Aatrox, who has possessed so many bodies over the years, that he eventually learned how to feast on his host’s flesh for power. Growing desperate and realizing there is no way to free himself from his weapon, he brings war and death wherever he goes until a worthy opponent brings an end to his misery, or until he has consumed the entire world. Whichever happens first.

Rhaast, wielded by the mortal Kayn in a symbiotic relationship, whom he hopes to manipulate into becoming an ideal host.

Naafiri, a Darkin who has found community in a pack of predatory hounds in the Shuriman desert, becoming a collective consciousness between members of its species.

Varus, who fused the mortals Kai and Valmar in the hopes of creating a new body for himself.
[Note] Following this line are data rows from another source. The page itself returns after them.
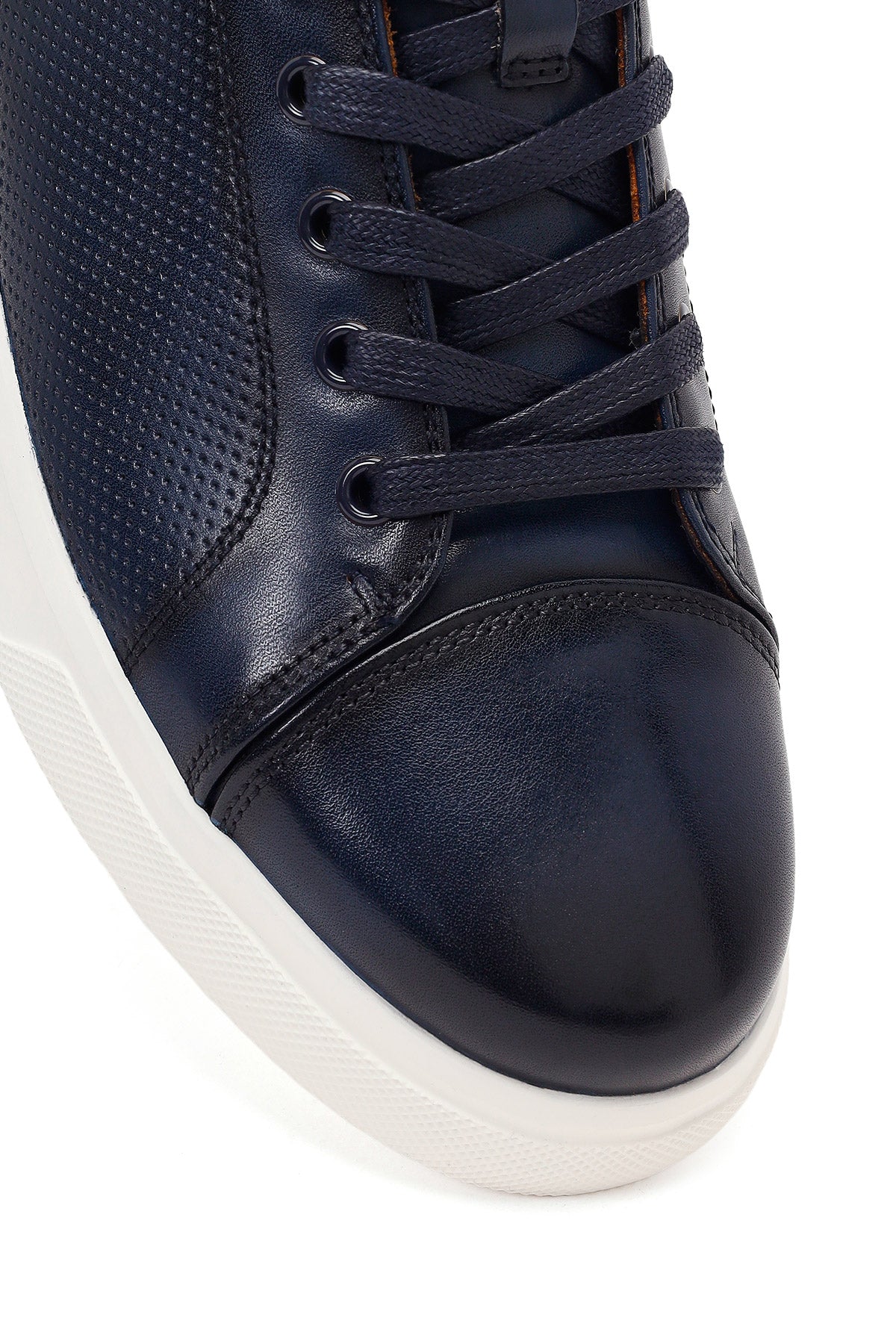 Erkek Lacivert Bağcıklı Deri Sneaker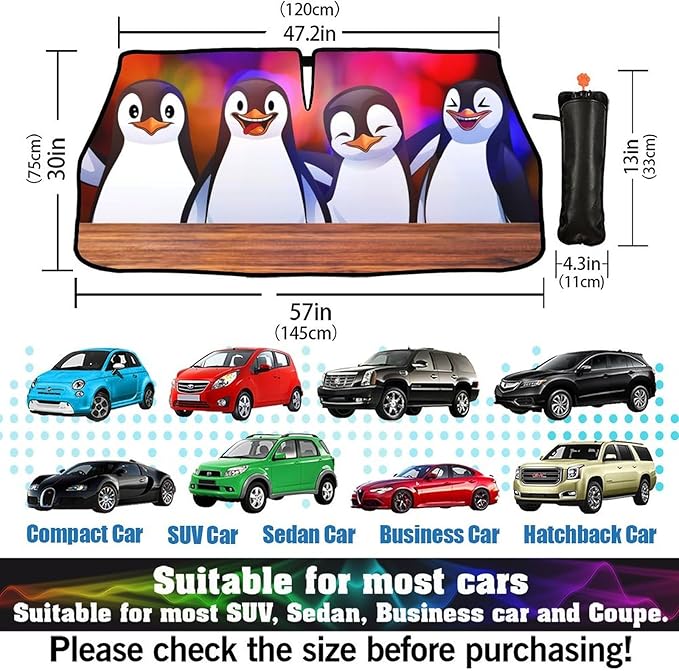 Socira Funny Penguin Car Windshield Sun Shade Umbrella Foldable Sunshade for Front Window Auto Windshield Sunshade Covers Car Accessories Protect from Sun Rays Heat 57'' X 30''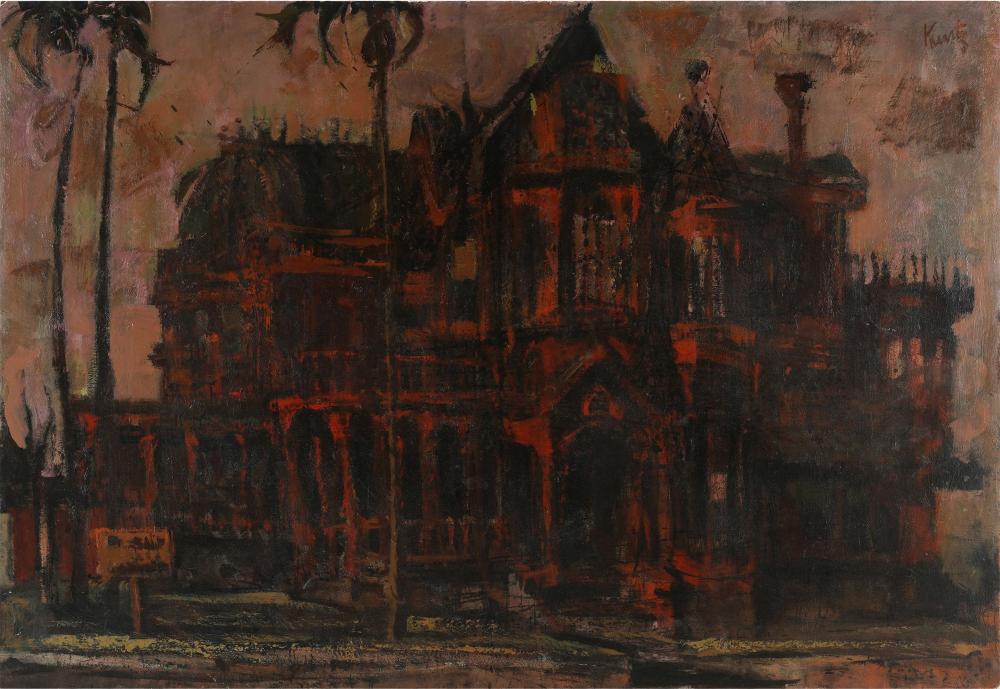 Appraisal: ROGER KUNTZ - VICTORIAN HOUSEoil on board signed upper right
Xolaani, the archnemesis of Aatrox, who would eventually come the closest to threatening the entirety of creation, before he was destroyed by Ryze using the World Runes.

The World Runes

Eventually, it would not be the alien forces of the Void, the war-scarred Darkin or the various undead warlords that conquered the planes that would come the closest to the destruction of Runeterra— the number one spot would actually belong to mortals themselves, through the Rune Wars. A cataclysm so all-encompassing that it defines the history of Runeterra itself.

The Rune Wars

After the fall of the Blessed Isles at the hands of Viego, the mages of the Isles struggled to keep knowledge of the World Runes hidden— powerful artifacts marked in ancient glyphs, rumored to be integral to the creation of the universe itself. It was not long before they were used for warfare, and soon, warfare became their sole purpose.

Political tensions escalated between those nations who controlled a World Rune, erupting an all-out war encompassing the world. Entire nations were glassed and decimated by mages capable of taming the Runes, with its refugees eventually creating new nations such as Demacia, Piltover and Ixaocan.

The Rune Wars never truly ended in a final battle, they only slowly cooled off with the centuries. Every mage who came to control a World Rune would be driven to insanity and eventually burn themselves out, given enough time. The last few cabals of rune-mages left cast off their flesh, taking their power to the spirit realm. The shadows cast by their ambitious use of magic would later lay the foundation for demons to materialize from the collective trauma inflicted by the war.

By the end of the Rune Wars, there were no conquerors or conquered peoples, only survivors. Settlements that hid themselves away from the war, surviving with scars and trauma that would shape their politics and laws for centuries to come.

Conclusion

The setting of Runeterra is plagued by evil magical forces capable of destroying the world. However, they have only ever been able to do so through the actions of the mortals they negotiate with. Without the actions of mortals, many of these threats would have been cast away long ago.

It is not that the mortals of Runeterra are evil, but rather, they all have the capacity to unknowingly fall into evil out of reasonable circumstance, inadvertently becoming the very villains they would once seek to destroy.